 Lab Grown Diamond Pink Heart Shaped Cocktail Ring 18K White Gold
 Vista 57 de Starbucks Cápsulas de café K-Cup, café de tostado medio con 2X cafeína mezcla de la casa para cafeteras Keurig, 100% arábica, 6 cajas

--

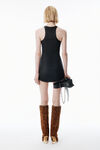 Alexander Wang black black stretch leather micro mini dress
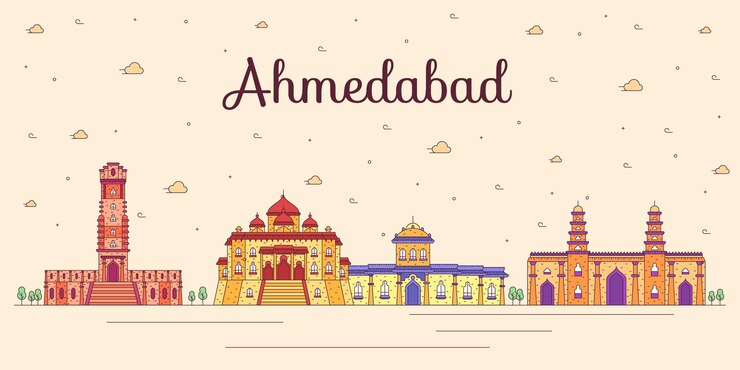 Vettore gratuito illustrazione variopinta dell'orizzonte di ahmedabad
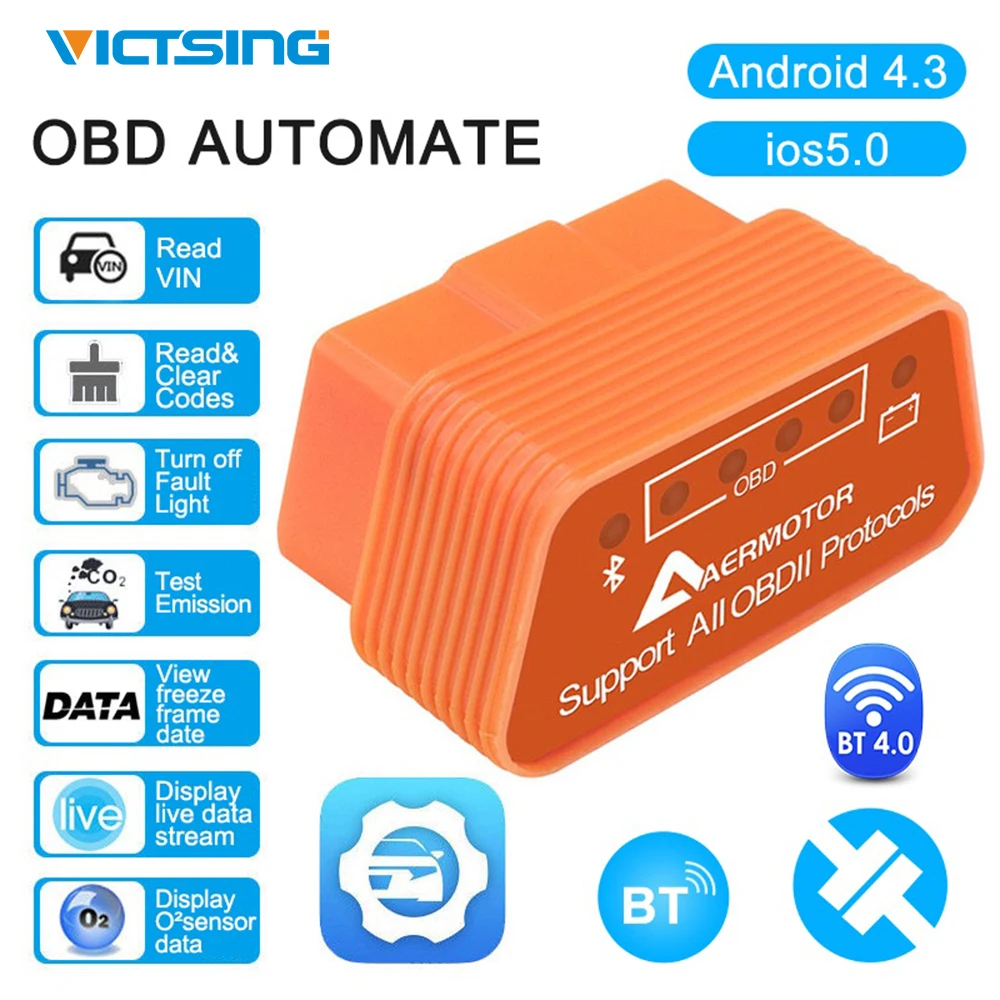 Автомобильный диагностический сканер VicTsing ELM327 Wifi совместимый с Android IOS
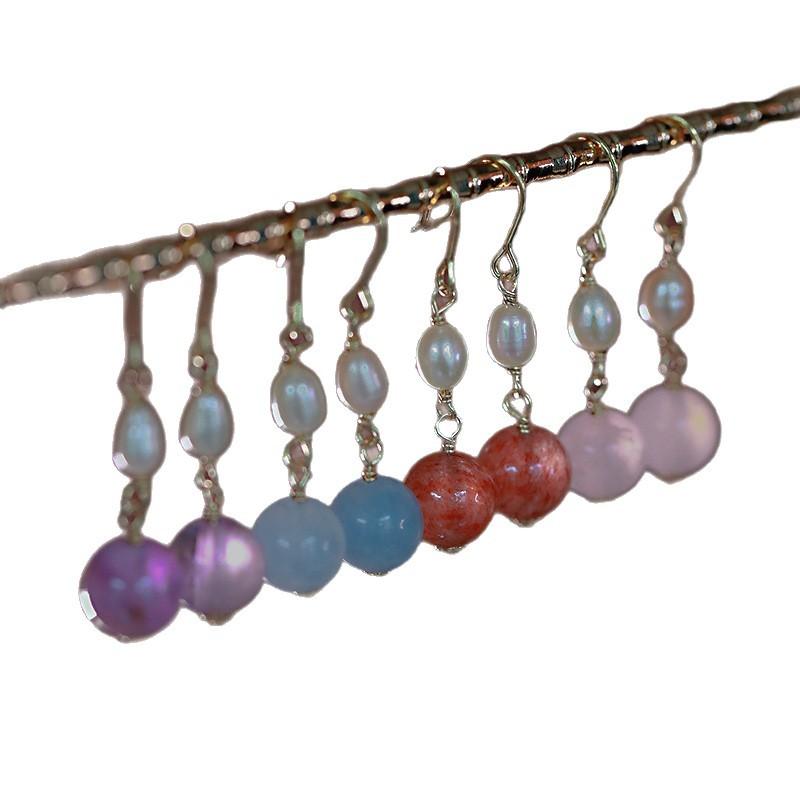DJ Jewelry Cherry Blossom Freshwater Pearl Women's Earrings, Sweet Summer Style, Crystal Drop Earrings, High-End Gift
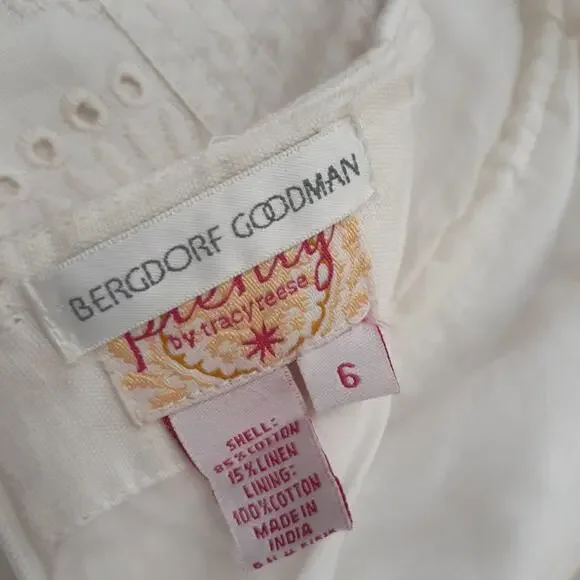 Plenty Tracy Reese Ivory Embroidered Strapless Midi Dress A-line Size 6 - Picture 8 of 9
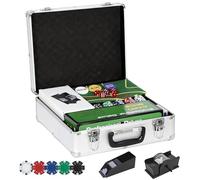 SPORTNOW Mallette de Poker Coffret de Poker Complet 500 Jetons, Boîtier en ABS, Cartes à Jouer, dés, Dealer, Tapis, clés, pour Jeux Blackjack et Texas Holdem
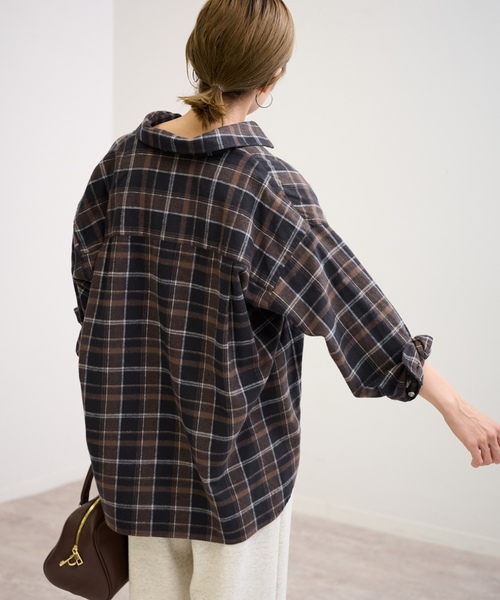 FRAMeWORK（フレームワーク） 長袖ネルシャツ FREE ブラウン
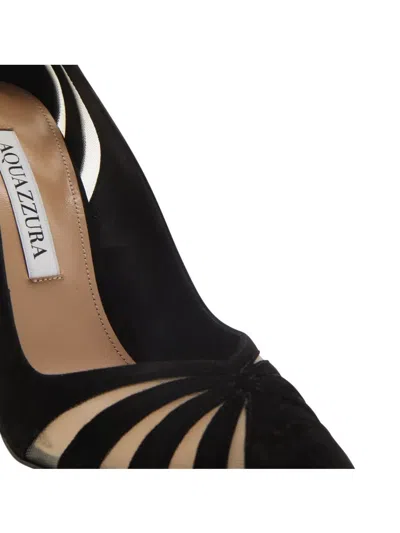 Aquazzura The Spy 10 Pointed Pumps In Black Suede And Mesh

...

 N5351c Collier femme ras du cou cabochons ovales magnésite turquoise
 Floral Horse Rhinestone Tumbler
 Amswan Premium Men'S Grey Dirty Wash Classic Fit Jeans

### WHAT YOU SHOULD DO:
Would you set down only the lines above from the line with "FRAMeWORK（フレームワーク） 長袖ネルシャツ FREE ブラウン" to the line with "Aquazzura The Spy", both included, exactly as they stand and without the pictures?

### WRITTEN RESPONSE:
 FRAMeWORK（フレームワーク） 長袖ネルシャツ FREE ブラウン
 Aquazzura The Spy 10 Pointed Pumps In Black Suede And Mesh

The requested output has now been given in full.